On my way home from Cruz Bay I drove along North Shore Road and stopped to look at the Maho Overlook, as I do probably four out of five times.  It did not take long to notice something had changed: the small white tent roofs were missing in the A-Section closest to Big Maho Beach and only the framing was standing!  Even though I am fully aware that the land is now owned by someone else and that Maho Bay Camp has been closed since June, I still felt a sense of alarm. Something is happening and I don’t know what the plans are!  I rushed back home to put down my thoughts, completely forgetting about my Gin & Tonic, musing as to why this potentially anticipated event bothered me.The two main reasons I felt related to my alarm are two big reasons why Maho Bay Camps was so special to me. 

View of Maho Bay
View from the overlook of the point where Maho Bay Camps was situated along North Shore Road. If you have visited St. John, you probably have your own photo of this very view. The Maho tent-cabins (over 100 of them) are the small white specs you see on the point between the two bays.
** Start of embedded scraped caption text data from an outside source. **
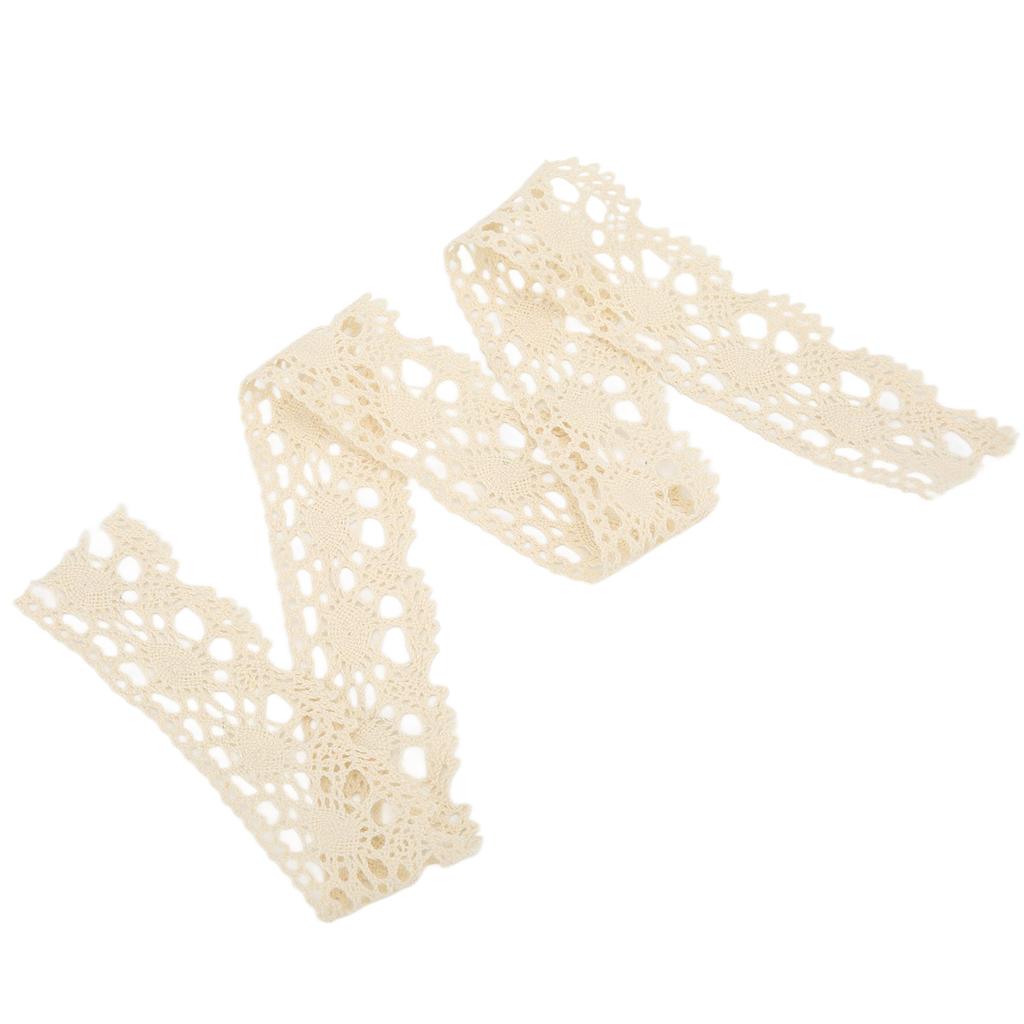 Lace Ribbon DIY Cotton Net 4cm Width 10 Yards Exquisite Fabric Lace Trim for Curtain Clothes Tablecloth Gift Decoration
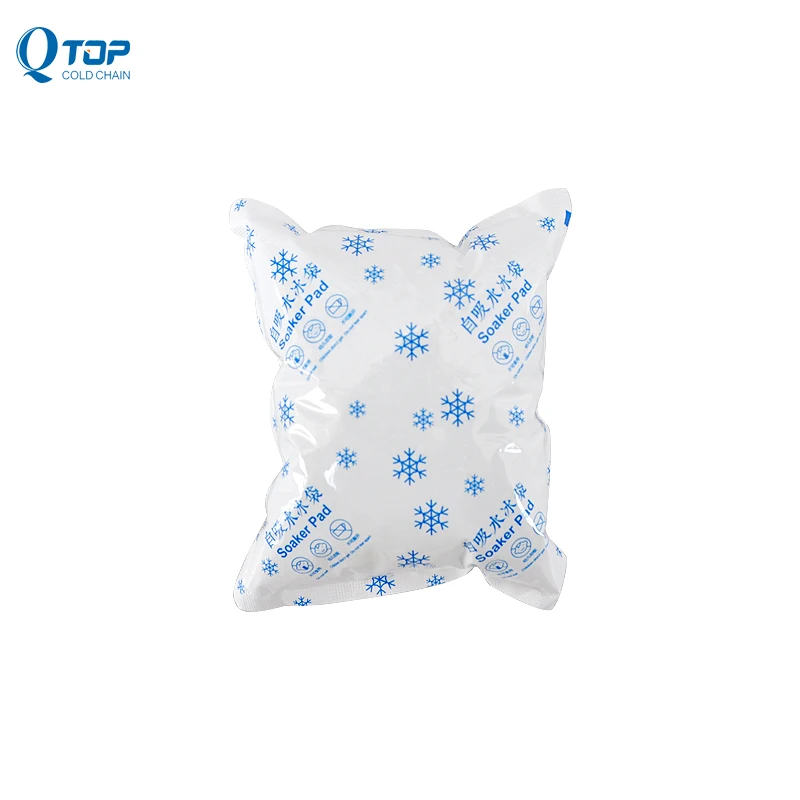 fast frozen and slow hot ice pack Good Supplier Sheet Gel Logo Fabric Dry Ice Pack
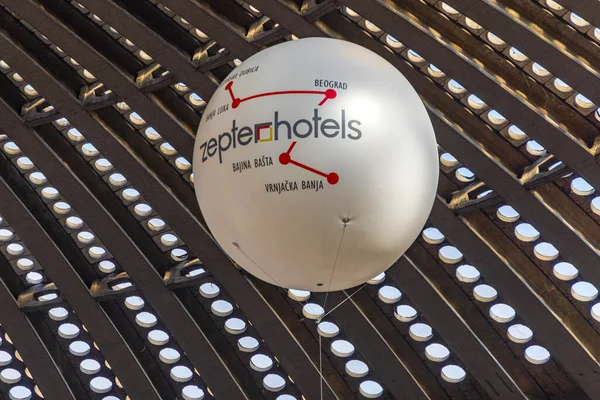 Belgrado Serbia Febrero 2023 Promoción Helium Balloon Zepter Hotels Feria — Foto de Stock
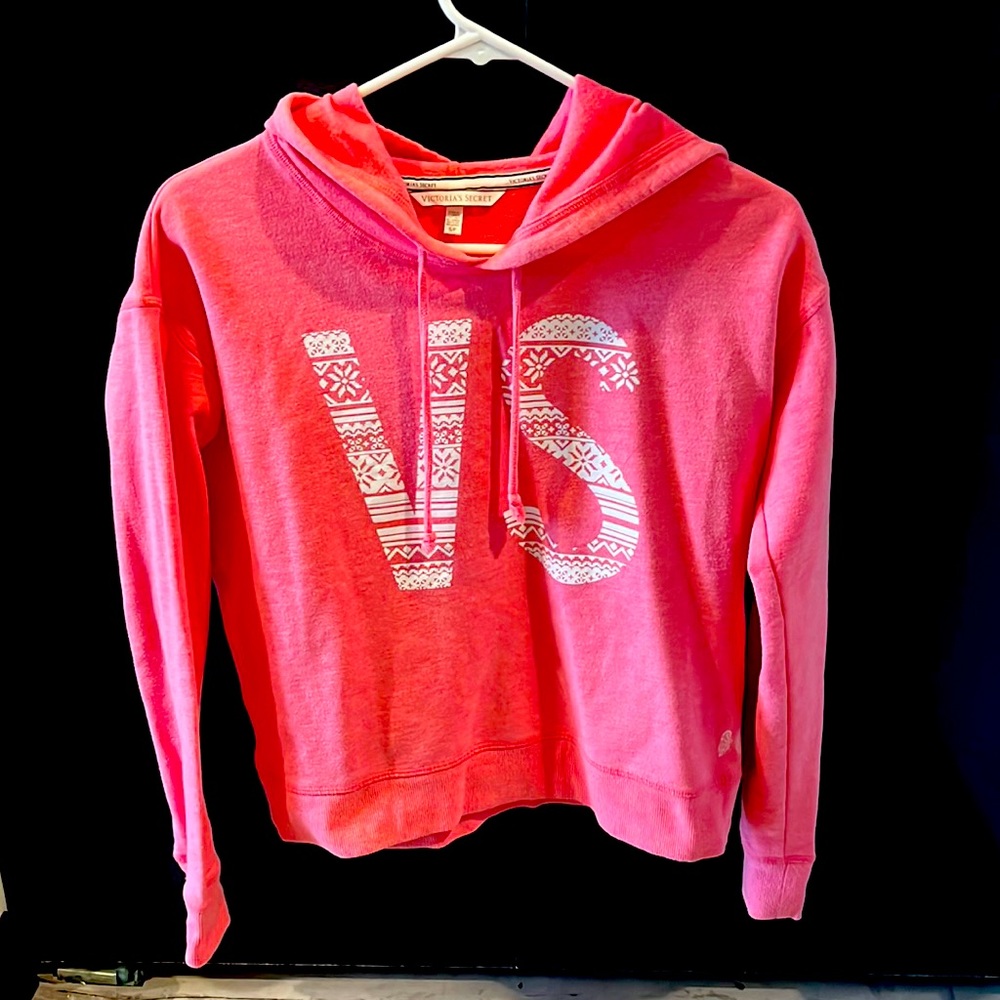 Women’s Victoria Secrets Pink Sweatshirt Hooded Size- Small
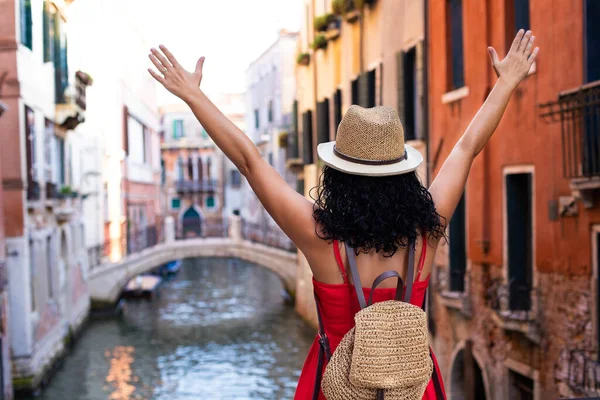 Watching View Grand Canal Venice Vacation Concept Italy — Stock Photo, Image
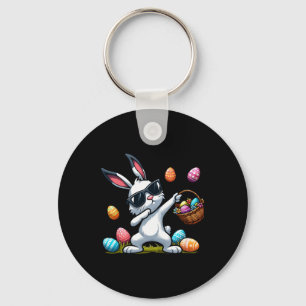 Funny Dabbing Bunny Rabbit Happy Easter Day Cute E Key Ring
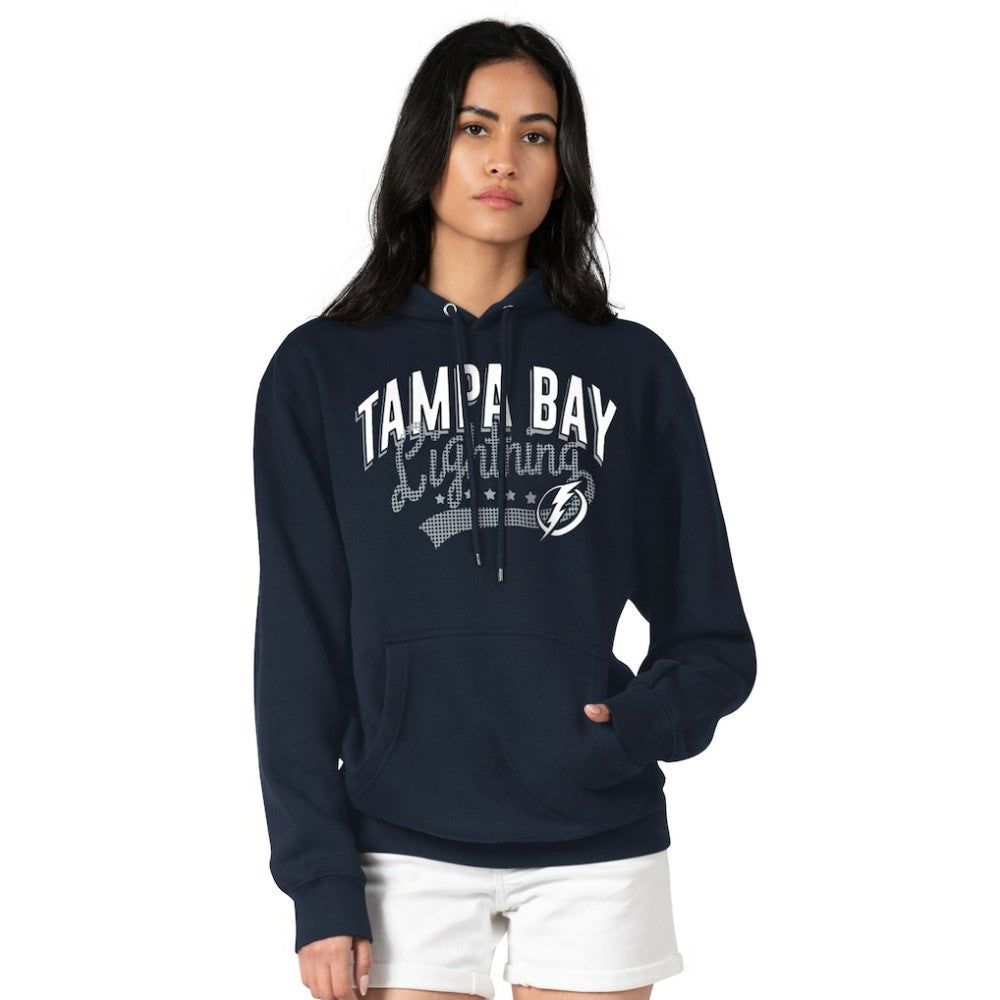 Tampa Bay Lightning G-III 4Her by Carl Banks Women's Filigree Logo Pullover Hoodie – Navy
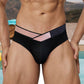 Sexy Herren-Slip mit niedriger Taille und tiefem V-Ausschnitt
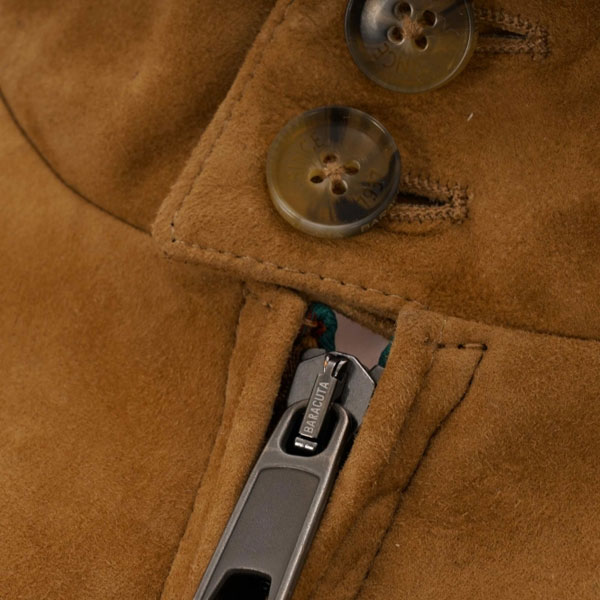 Baracuta G9 suede harrington jacket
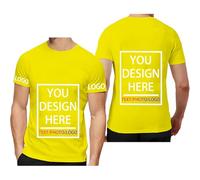 Fyralune Personalised T Shirts & Bulk Custom Shirts Unisex Fit, Add Logo/Photo/Text- Design Your Own Printed for Men & Women T-Shirts,Great Personalised Gifts for Any Occasion Yellow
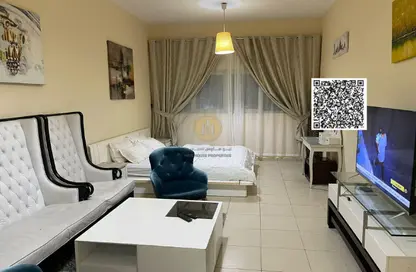 Apartment - Studio - 1 Bathroom for rent in Ajman One Towers - Al Sawan - Ajman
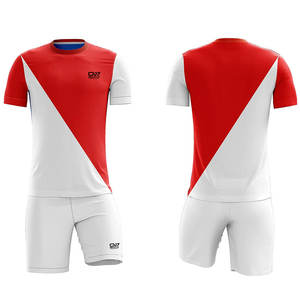 OEM ODM High Quality Soccer Uniform Set Custom Private Label Football Jersey Shorts Easy-to-Wear Logo Sublimation Print - Product Image 1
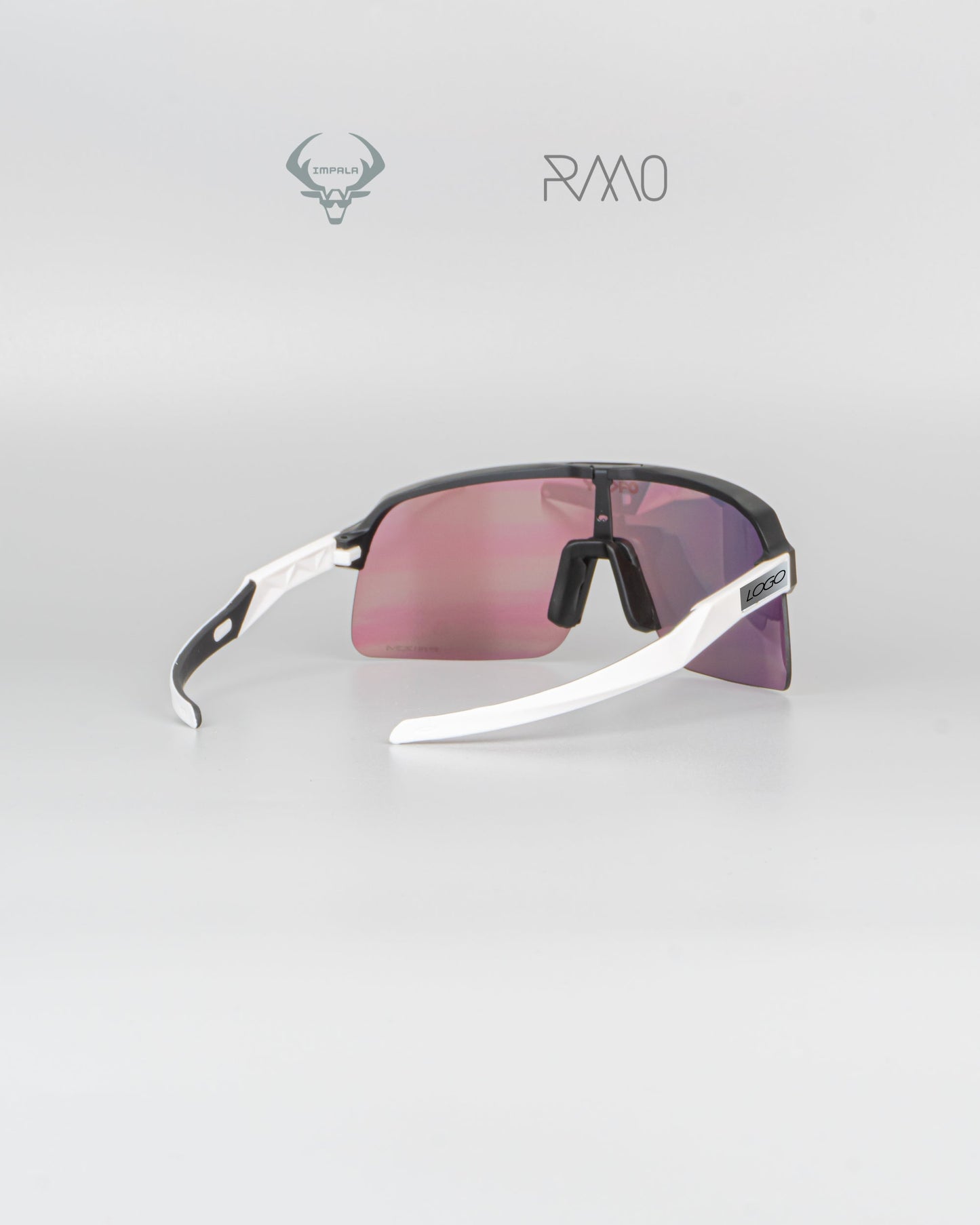 Gafas sutro lite  blanco negro rojo  3 lentes Uv400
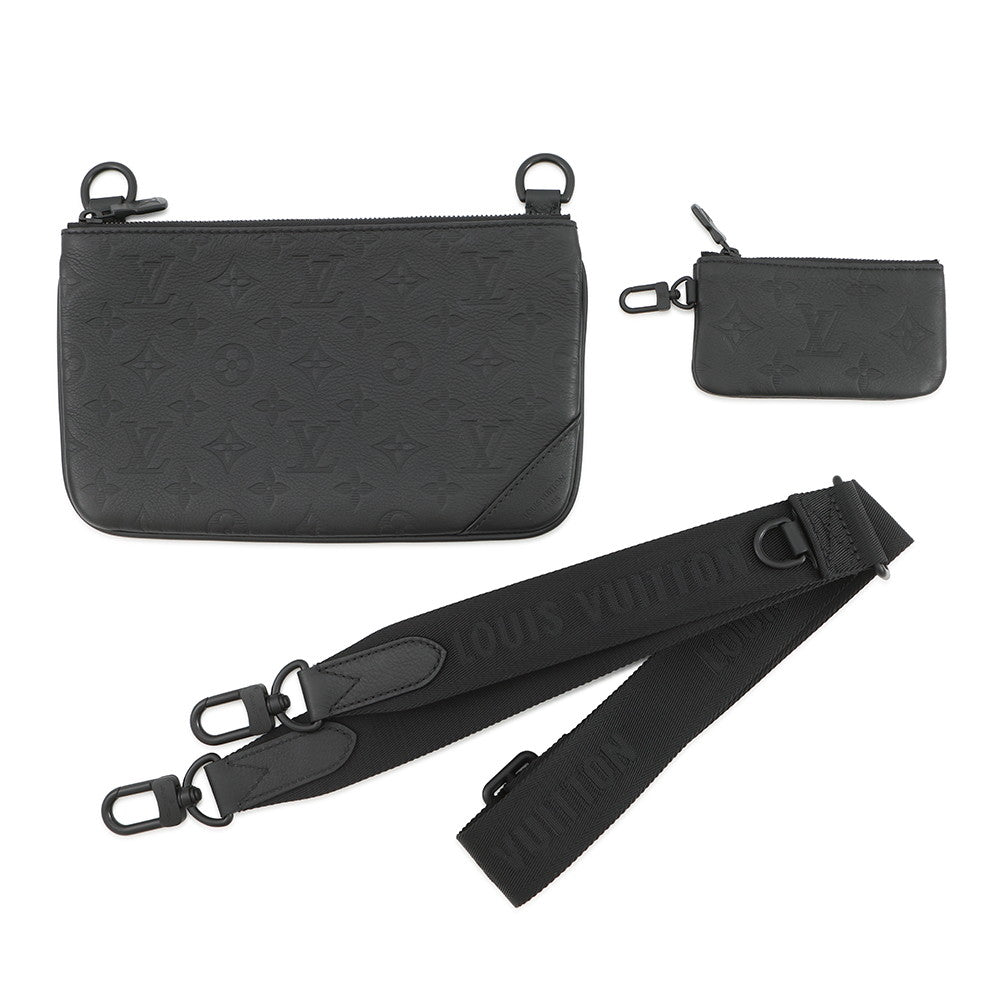 LOUIS VUITTON Trio Messenger NoirM46602 Monogram Shadow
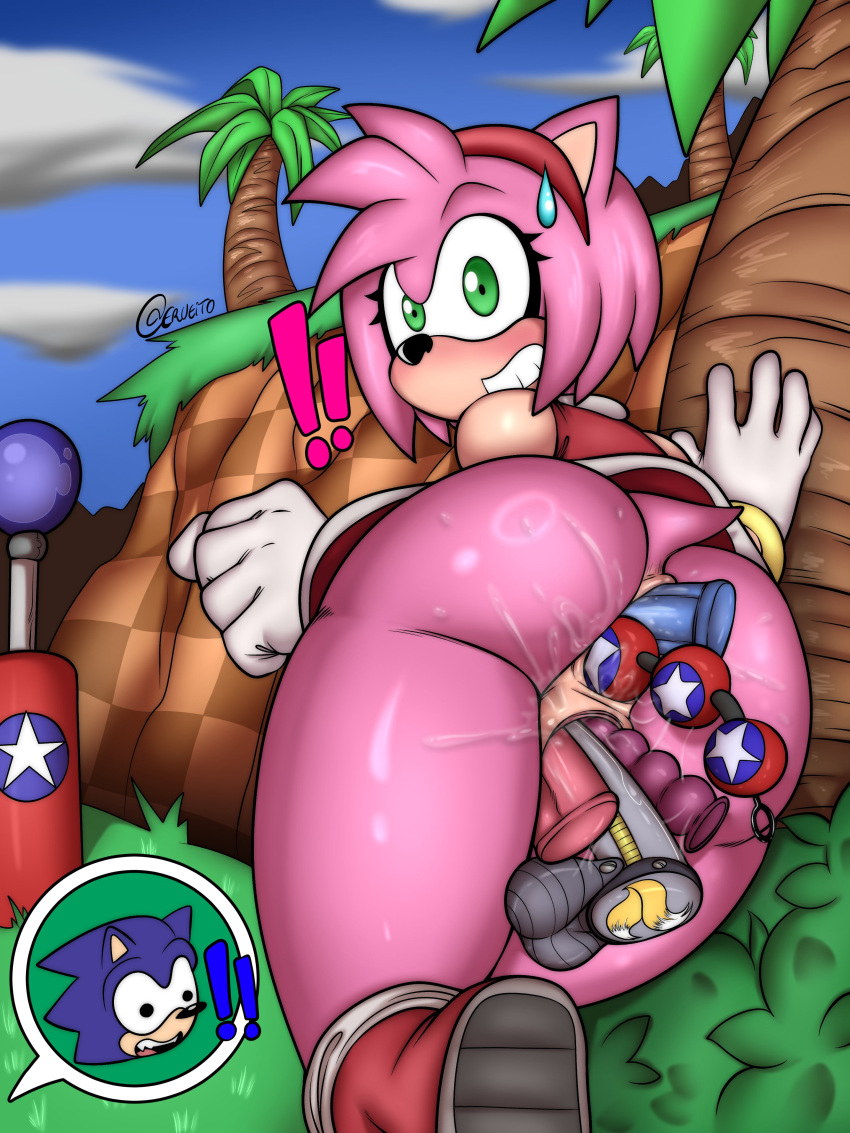 Rule 34 – amy rose anal anal beads anal insertion anal sex ass focus big ass blue hair blush blush lines blushing at viewer bottomless clothed female clothing commission commission art dildo dildo in ass dildo in pussy erueito fur furry furry female gloved gloves green eyes green hill zone hedgehog hedgehog girl hedgehog humanoid looking at viewer looking back looking back at another many toys no panties sega short hair sonic (series) sonic the hedgehog sonic the hedgehog (series) sweat tagme tail toy toy insertion toys under skirt under skirt view video game character video games | 14329779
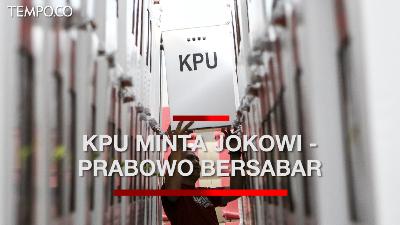 Jokowi dan Prabowo Saling Klaim Kemenangan, KPU: Semua Sabar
Reason One: those basic white tents with only the essentials as furnishings allowed me to move in and make the space mine. During my stay, it felt like home.  I would put up colorful sarongs for some privacy and loved how they waved in the breeze. I would buy candles for the table and hang my bathing suits and hats on the wooden dowels around the bedroom. When I lived there in a staff tent,  I used woven grass mats as carpeting in my room, stapled down to the floor with heavy duty staples, or sometimes over “wall” space, almost like wallpaper.  Often the lights in staff were minimal or non-existent, so white Christmas tree lights would be strung around the top of the rafters to offer some light at night. I suppose not everyone did this, but anyone who felt like making the tent-cabin “theirs” for the duration of their stay could easily decorate it with a handful of thumbtacks and some sarongs.  Home Sweet Island Home!

My bedroom in my staff tent at Maho Bay Camp.
My bedroom in my staff tent at Maho Bay Camp.
I had a gigantic genip tree next to my staff tent.
I had a gigantic genip tree next to my staff tent.

Reason Two: Maho (and St. John) was a place where I came with my family and we all were interested in doing and seeing the same things.  On our first and second visit we were equally excited to discover this tropical island paradise and see it all: on land and under water!  It was great to have a place we all loved to visit together. And once home, we had great memories we shared, having seen and done it all together: finally spotting a turtle or ray at Waterlemon Cay, enjoying a dramatic sunset during dinner, and remembering our first arrival up the bumpy dirt road on Frett’s Safari Taxi and wondering if he was bringing us to the right place!  Had we stayed in a hotel or rented a villa, I don’t think it would have been the same, since too much caters to your lifestyle back home: TV and movies, internet connection, or listening to the drone of the A/C instead of the frogs and crickets and rain on the roof.  Even the difficulties of tent living created some of our shared memories:enduring cold showers on a day that it rained and was cool or waking up in the middle of the night during a downpour to put down the roll-downs and check for leaks. Yes, I am very sentimental about my memories of Maho Bay Camp.

So I look at those tents, now coming apart piece by piece, and I feel like a stranger is taking apart my home.  I suppose feeing some heartache at the sight is to be expected… I remember hearing (maybe my first visit) that the tent-cabins and boardwalks were built so that they could eventually be removed and that it would only take a year for the jungle to grow back and fill in the empty spaces, without damaging the land or the reef below. But I just never considered it would happen so soon.

Tomorrow I will heading over to Big Maho beach for a closer look.